==== EXTRACTED INFORMATION
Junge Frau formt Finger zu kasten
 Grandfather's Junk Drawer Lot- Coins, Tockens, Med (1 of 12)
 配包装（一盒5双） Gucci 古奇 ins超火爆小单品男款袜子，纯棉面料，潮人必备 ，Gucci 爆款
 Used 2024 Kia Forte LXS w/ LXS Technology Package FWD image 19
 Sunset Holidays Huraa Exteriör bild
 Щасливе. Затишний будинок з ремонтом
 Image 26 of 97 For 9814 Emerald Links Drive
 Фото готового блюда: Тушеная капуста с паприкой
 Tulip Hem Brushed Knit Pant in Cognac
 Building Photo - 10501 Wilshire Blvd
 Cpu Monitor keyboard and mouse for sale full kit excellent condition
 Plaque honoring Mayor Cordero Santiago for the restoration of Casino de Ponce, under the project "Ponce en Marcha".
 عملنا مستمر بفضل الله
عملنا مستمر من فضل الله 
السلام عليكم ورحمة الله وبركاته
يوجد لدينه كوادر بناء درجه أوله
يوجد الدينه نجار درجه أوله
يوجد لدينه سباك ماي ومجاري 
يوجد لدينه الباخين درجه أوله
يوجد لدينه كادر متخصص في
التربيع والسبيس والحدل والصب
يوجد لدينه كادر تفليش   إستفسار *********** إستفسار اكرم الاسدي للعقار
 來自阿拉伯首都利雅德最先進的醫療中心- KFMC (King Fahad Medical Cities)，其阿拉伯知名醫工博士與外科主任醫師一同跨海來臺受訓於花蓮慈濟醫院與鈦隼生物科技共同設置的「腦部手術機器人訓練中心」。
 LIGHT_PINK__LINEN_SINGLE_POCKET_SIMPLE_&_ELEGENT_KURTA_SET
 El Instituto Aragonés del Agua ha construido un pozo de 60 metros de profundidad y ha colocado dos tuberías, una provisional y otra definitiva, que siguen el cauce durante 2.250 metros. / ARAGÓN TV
========
■ **AIM OF THE EXERCISE**: Go through the listing and say how many lines contain the string "كادر", offering only the number.

■ **SOLUTION TO THE PROBLEM**: 2